*** Exercise input Section Begins ***

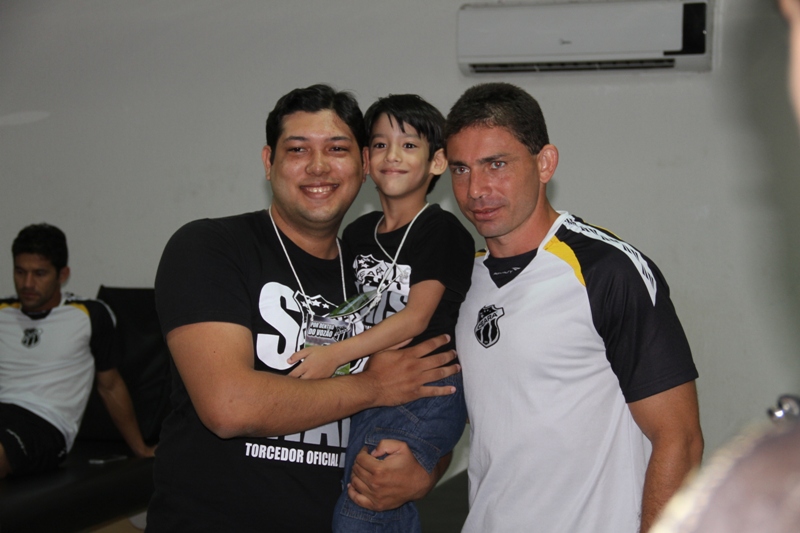 [17-08] Por Dentro do Vozão - Pais Alvinegros - 02 - 28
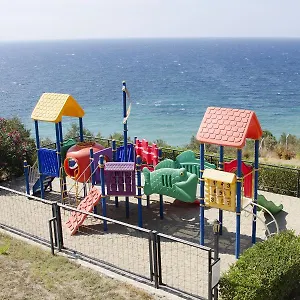 **** Отель Sealight Family Club Турция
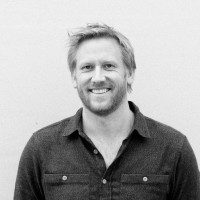 Finisterre Employee Will Sheane's profile photo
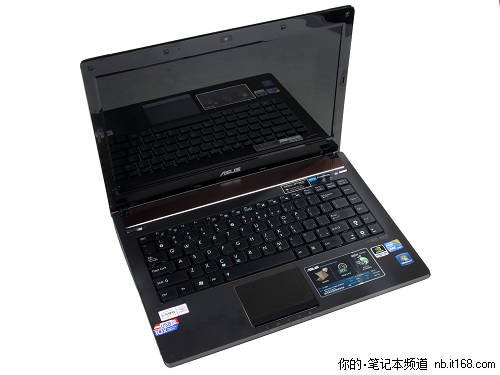 i5娱乐本谁牛华硕N82JV死磕联想Y460A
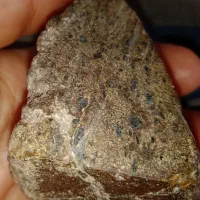 شهاب سنگ زیبا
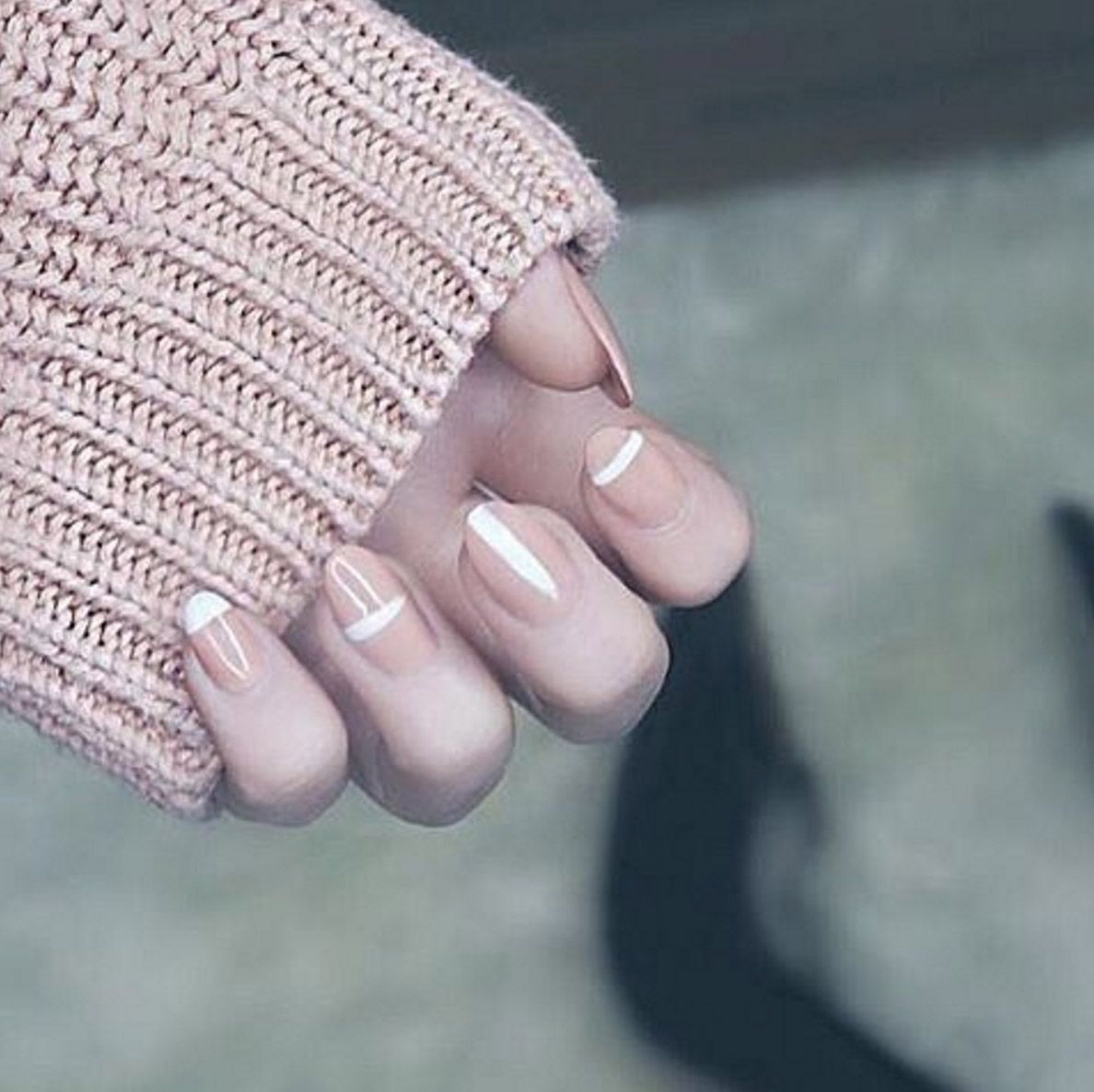Best Spring Summer 2016 Nail Trends Fashion Style Mag Cute Cur Nail Trends For Spring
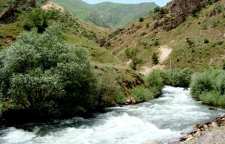 خان دره سی ارومیه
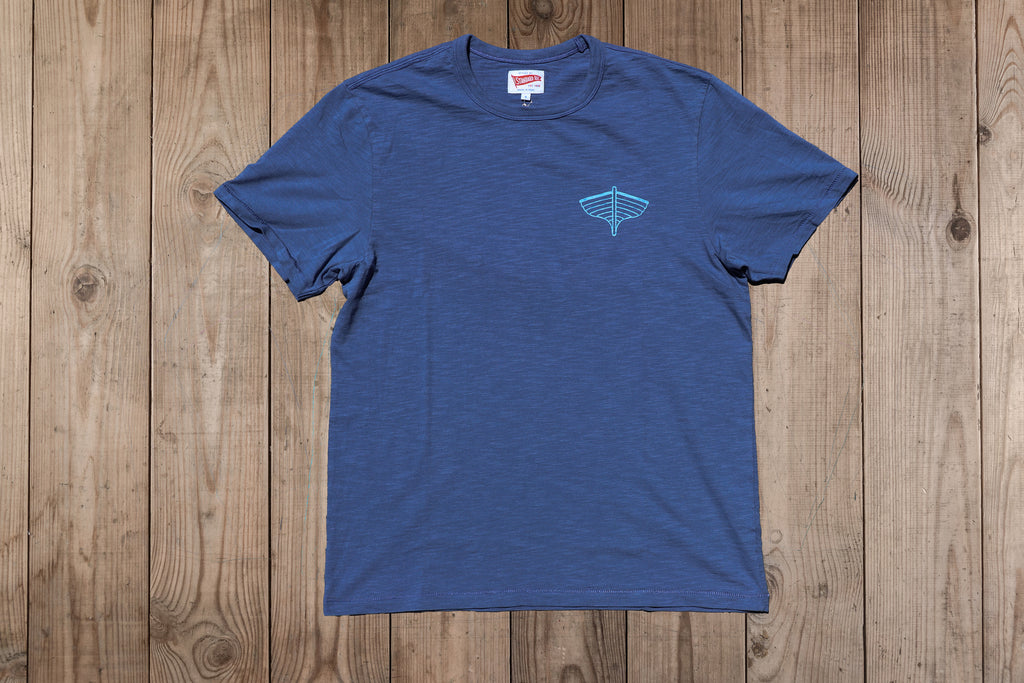 Nomans OG Logo Rec S/S Tee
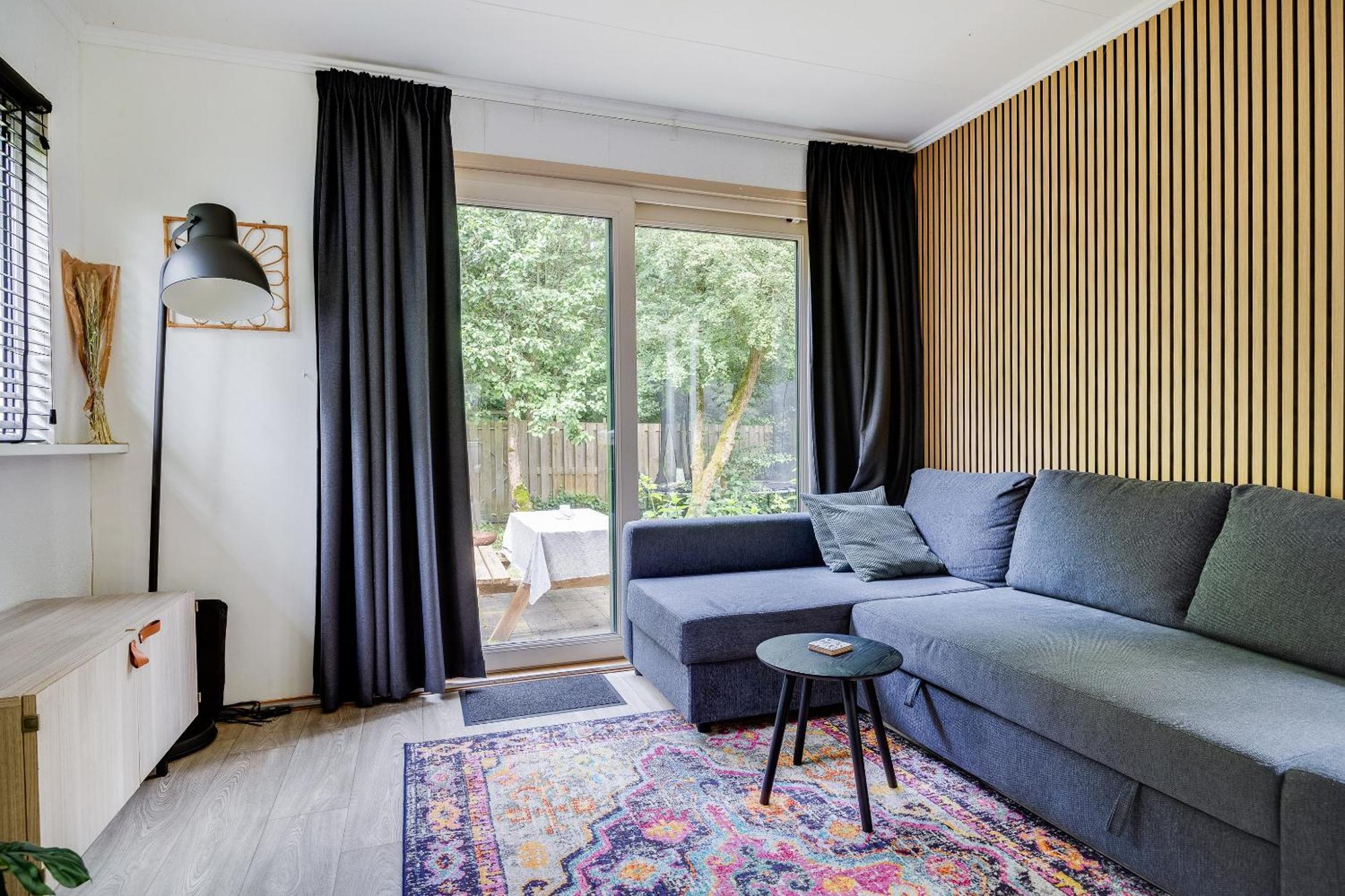 Chalet Canalla 넌스피트 외부 사진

*** Exercise input Section Ends ***

> **Task description**
Your job is to copy each entry exactly as written; the pictures do not go in.

> **Result for this task**
 [17-08] Por Dentro do Vozão - Pais Alvinegros - 02 - 28
 **** Отель Sealight Family Club Турция
 Finisterre Employee Will Sheane's profile photo
 i5娱乐本谁牛华硕N82JV死磕联想Y460A
 شهاب سنگ زیبا
Best Spring Summer 2016 Nail Trends Fashion Style Mag Cute Cur Nail Trends For Spring
 خان دره سی ارومیه
 Nomans OG Logo Rec S/S Tee
 Chalet Canalla 넌스피트 외부 사진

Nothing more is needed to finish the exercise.